By the early 1990’s the rot, which had started to set in during the mid-1980’s, had begun to accelerate. Most regular readers of Naked Capitalism know how the movie ended. If only it was just a work of fiction. For those of you who have suffered financially, emotionally, physically (or all three) through an unlawful foreclosure, fee gouging, predatory lending, junk insurance or scam financial products you will know what the consequences of an industry which threw away its moral compass and any sense of a social contract are.
For those of us on the inside, we don’t deserve any sympathy. But I’d like to offer a glimmer of insight into the conflict that those of us with any sort of conscience wrestle with because it is a conflict which is going to shape our societies over the next generation.
Increasingly, if you want to get and hang on to a middle class job, .
Of course, hanging onto a “middle class job” is, so far as we know, what all the professional players in the examples above have been doing.

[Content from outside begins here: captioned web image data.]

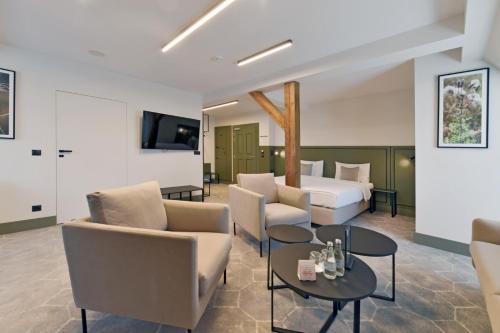 a hotel room with a bed and chairs and a table at Herbal Hotel Wrocław in Wrocław
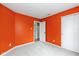 Bedroom featuring neutral carpet and bright orange walls at 560 Tracy Ln, Brownsburg, IN 46112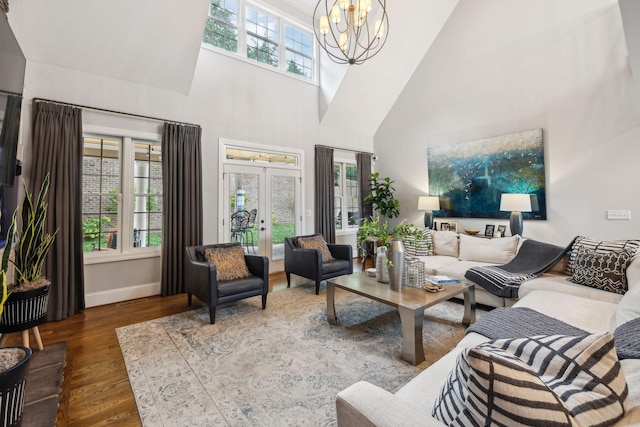 living room with a wealth of natural light, a notable chandelier, dark hardwood / wood-style flooring, and french doors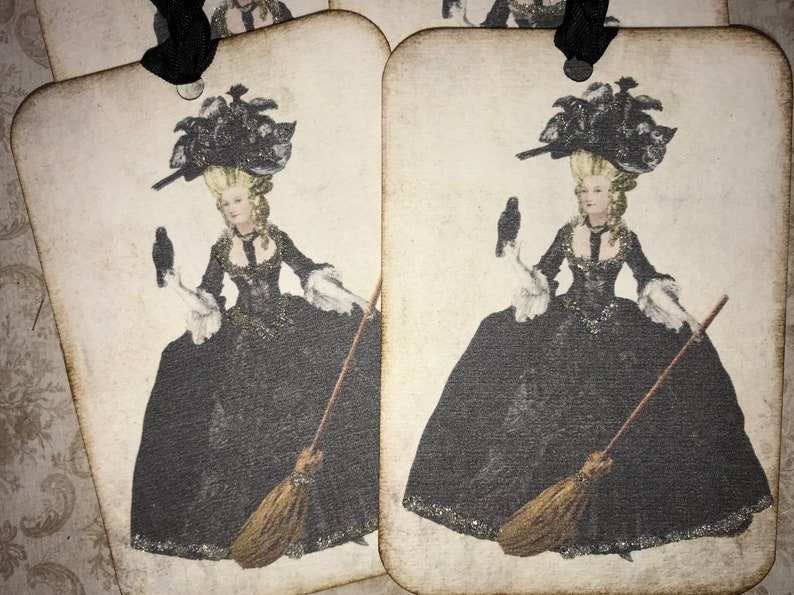 May include: Vintage-style gift tags featuring a woman in a black gown, holding a crow and a broom. The woman has blonde hair and wears a large black hat. The tags have a distressed, aged appearance with a black ribbon.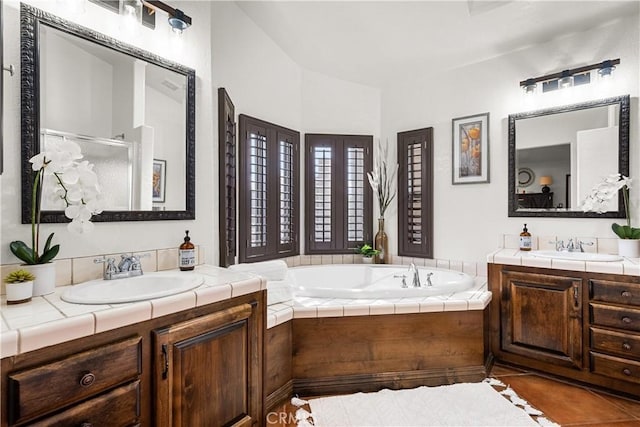 bathroom with vanity, tile patterned floors, and independent shower and bath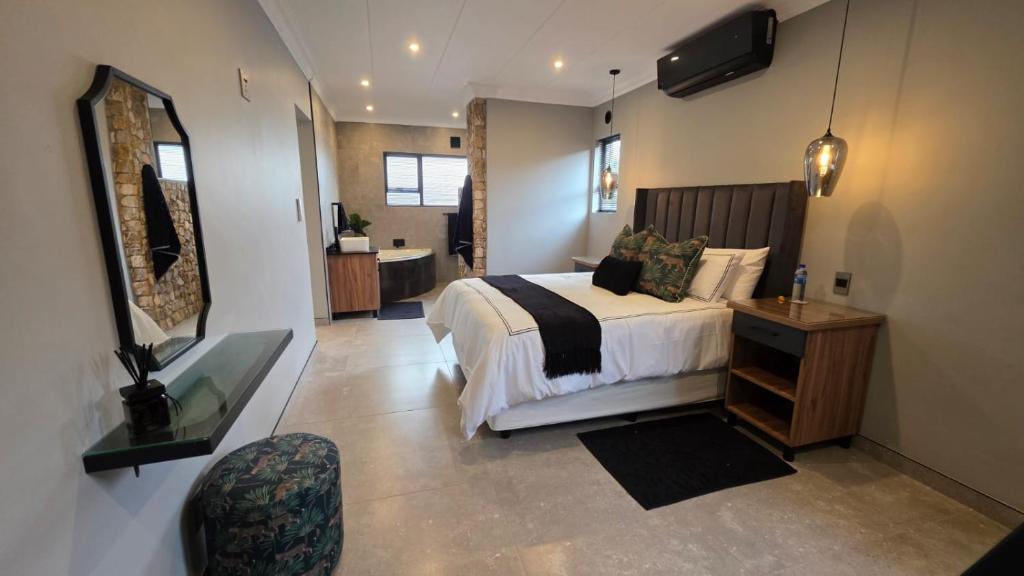 a bedroom with a bed and a television in it at Cranes Nest Guest House in Pretoria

All of their (credentialed, professional) jobs have involved “dishonesty or exploitation of others.” And all of them, so far as we know, have been able to live with themselves. With the exception of Tony.
There is an alternative, as the life of Bob Ebeling shows:
Last week, Bob Ebeling died. He was an engineer at a contracting firm, and he understood just how badly the O-rings handled cold weather. He tried desperately to convince NASA that the launch was going to end in disaster. Unlike many people inside organizations, he was willing to challenge his superiors, to tell them what they didn’t want to hear. Yet, he didn’t have organizational power to stop the disaster. And at the end of the day, NASA and his superiors decided that the political risk of not launching was much greater than the engineering risk.

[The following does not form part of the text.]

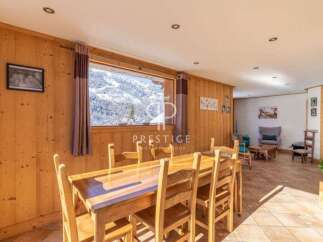 Experience the charm of this stunning property, featuring a cozy dining area with a beautiful wooden table and chairs.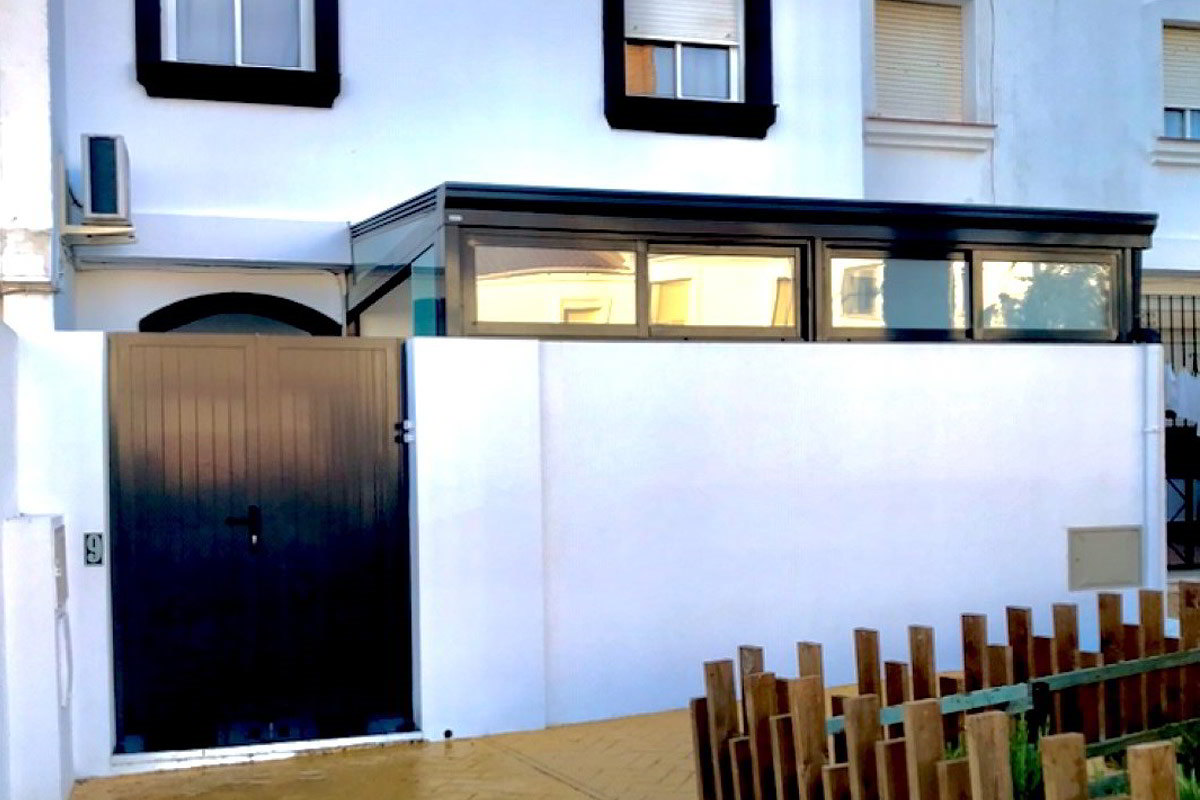 White facade of a semi-detached house with a black door, large windows and stone floor, Las Gaviotas urbanization.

Now, how to give Bob Ebeling the requisite organizational power is another question, outside the scope of this post. However, it seems to me that what Clive labels “dishonesty and exploitation” is what I would label corruption, and that’s what Ebeling was fighting against.

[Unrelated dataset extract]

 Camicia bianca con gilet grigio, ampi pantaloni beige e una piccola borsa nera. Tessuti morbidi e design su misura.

Recall again that corruption, as Zephyr Teachout explains, is not a quid pro quo, but the use of public office for private ends. I think the point of credentials is to create the expectation that the credentialed is in some sense acting in a quasi-official capacity, even if not an agent of the state. Tony, a good pharmacist, was and is trying to maintain a public good, on behalf of the public: Not merely the right pill for the patient, but the public good of trust between professional and citizen, which Boots is trying to destroy, on behalf of the ruling idea of “shareholder value.” Ka-ching.
 Here’s a link on the first Baxter International Heparin scandal. Heparin is, apparently, made from the intestines of pigs. But the Chinese ran out of pigs, and so they used cows instead, hopefully not mad ones, but how does one know? Anyhow, hundreds died and the adulterated Heparin might still be on the shelves. Reminds me of how the banks satisfied the demand for paper with NINJA mortgages….
 So how’s that workin’ out for ya?
 I don’t want to come off as priggish. I don’t have dependents, and so my choices are simpler. If I had to support a family, especially in today’s new normal, I might put my head down and save ethics for the home. “Person must not do what person cannot do.” — Marge Piercy, Woman on the Edge of Time.